(Beginning of Data for the task)
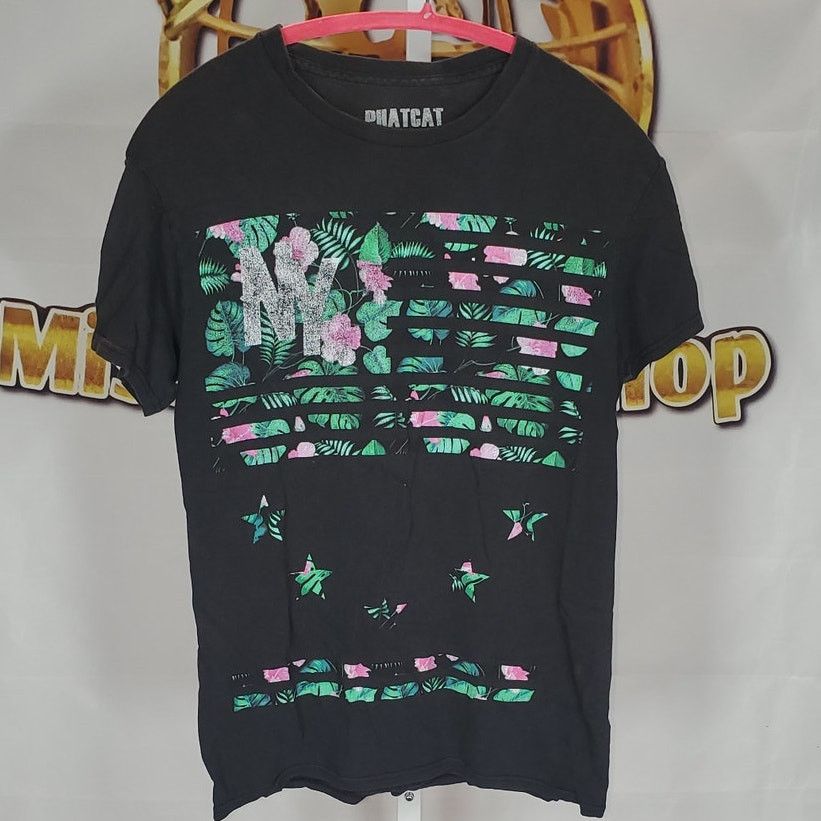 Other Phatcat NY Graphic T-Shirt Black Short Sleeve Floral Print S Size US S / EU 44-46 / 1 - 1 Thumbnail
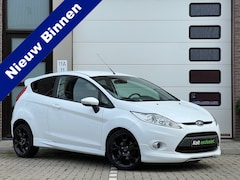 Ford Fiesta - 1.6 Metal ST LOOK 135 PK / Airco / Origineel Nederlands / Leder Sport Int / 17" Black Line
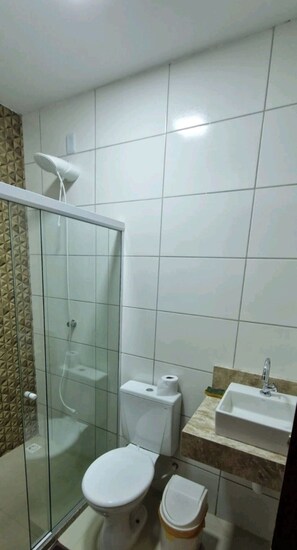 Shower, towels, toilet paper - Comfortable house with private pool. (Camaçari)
(End of Data for the task)
(Beginning of Data for the task)
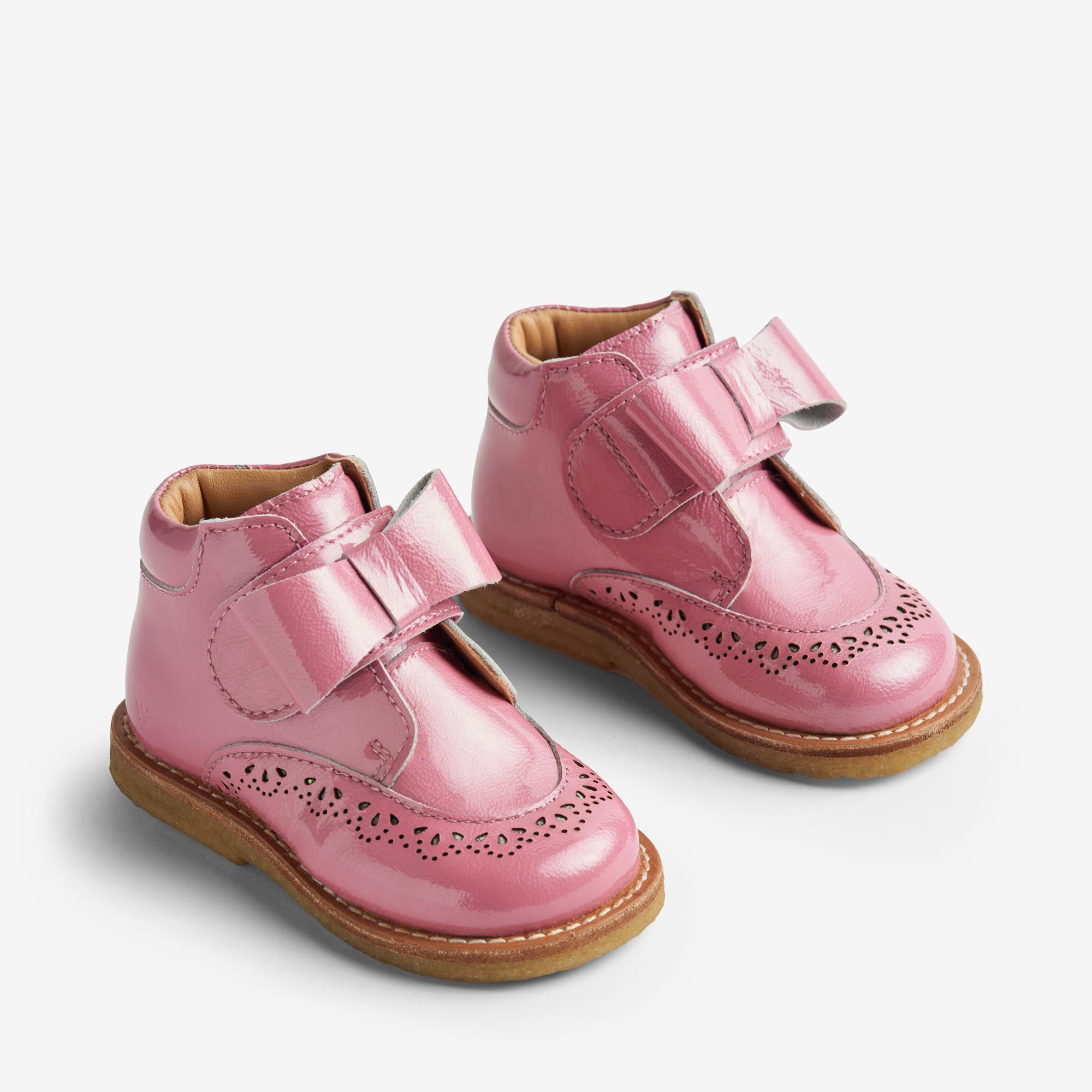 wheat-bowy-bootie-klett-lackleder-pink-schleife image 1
(End of Data for the task)
Going by the data above, give back only the lines from the one containing "Other Phatcat NY" through the one containing "Shower, towels, toilet", exactly as they stand, both ends included and no images.

### Output for this exercise
 Other Phatcat NY Graphic T-Shirt Black Short Sleeve Floral Print S Size US S / EU 44-46 / 1 - 1 Thumbnail
 Ford Fiesta - 1.6 Metal ST LOOK 135 PK / Airco / Origineel Nederlands / Leder Sport Int / 17" Black Line
 Shower, towels, toilet paper - Comfortable house with private pool. (Camaçari)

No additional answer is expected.